El propio Felipe VI, a este respecto, tendría que explicar por qué tardó un año en hacer público, inmediatamente después de que lo hiciera la prensa británica, que era beneficiario de la Fundación panameña Lucum, con cuenta abierta en banco suizo.

Ante este panorama, en una democracia madura hubieran proliferado las críticas al proceso de ‘extrañamiento’. Aquí, por el contrario, una legión de cortesanos se ha apresurado a denunciar una conspiración contra la monarquía y, lo más sorprendente, a renovar su juramento de vasallaje a una figura tan degradada como la del anterior Jefe del Estado, atribuyéndole el portento de ser el único responsable del advenimiento de la democracia en este país. Y es que una parte importante de los aparatos de Estado, de los medios, de las finanzas, de la alta burguesía, incluso de la clase media, ha vinculado su suerte a la monarquía, no a la democracia.

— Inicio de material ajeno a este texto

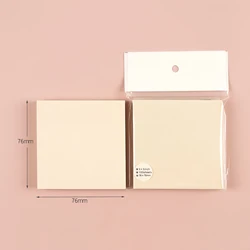 100 Sheets of Colored Sticky Notes - Multi-Purpose Stationery for School, Office, or Planner (Beige)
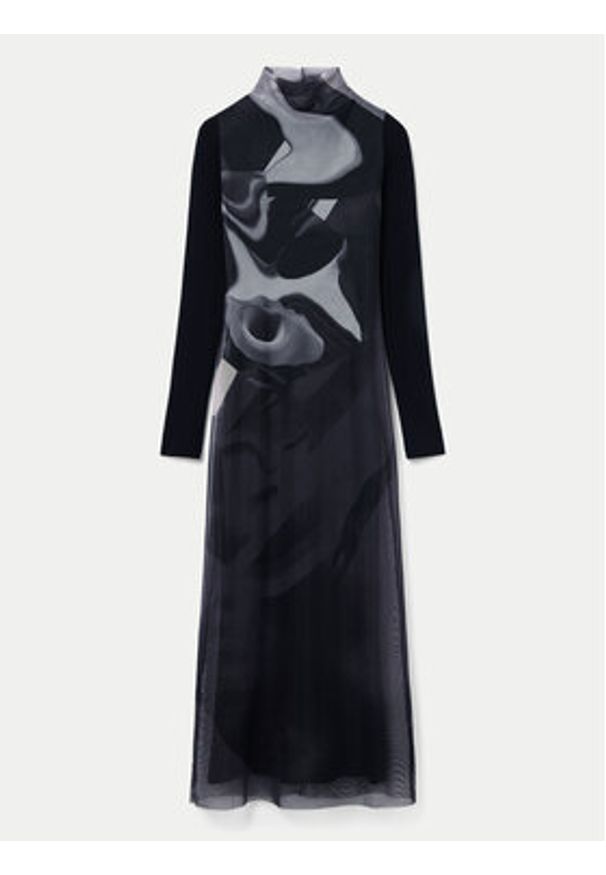 Desigual Sukienka codzienna Lincoln 24WWVK58 Szary Slim Fit. Okazja: na co dzień. Kolor: szary. Materiał: syntetyk. Typ sukienki: proste. Styl: casual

Por eso la nuestra es sumamente reaccionaria, con un peso de las oligarquías superior al de los países de nuestro entorno y con una tolerancia hacia la corrupción igualmente sin parangón en el ámbito europeo. También la más desigual de entre las principales economías del euro. Hasta el punto de que el trabajo ha sido tan devaluado que importantes sectores laborales rayan la esclavitud, con una profunda deshumanización de la clase obrera, sobre todo de los inmigrantes. Su cosificación llega hasta el punto de que en el campo ( y no sólo) se les paga una miseria, se les impide descansar y beber agua y, cuando enferman gravemente, se les deja tirados en la puerta de un hospital.
Abundan, pues, en nuestra sociedad los cortesanos y los esclavos, dos caras de la misma moneda que constituye la unidad de valor con que este sistema político hace sus transacciones. Ocurre que con esos mimbres no hay democracia. Porque no hay dignidad.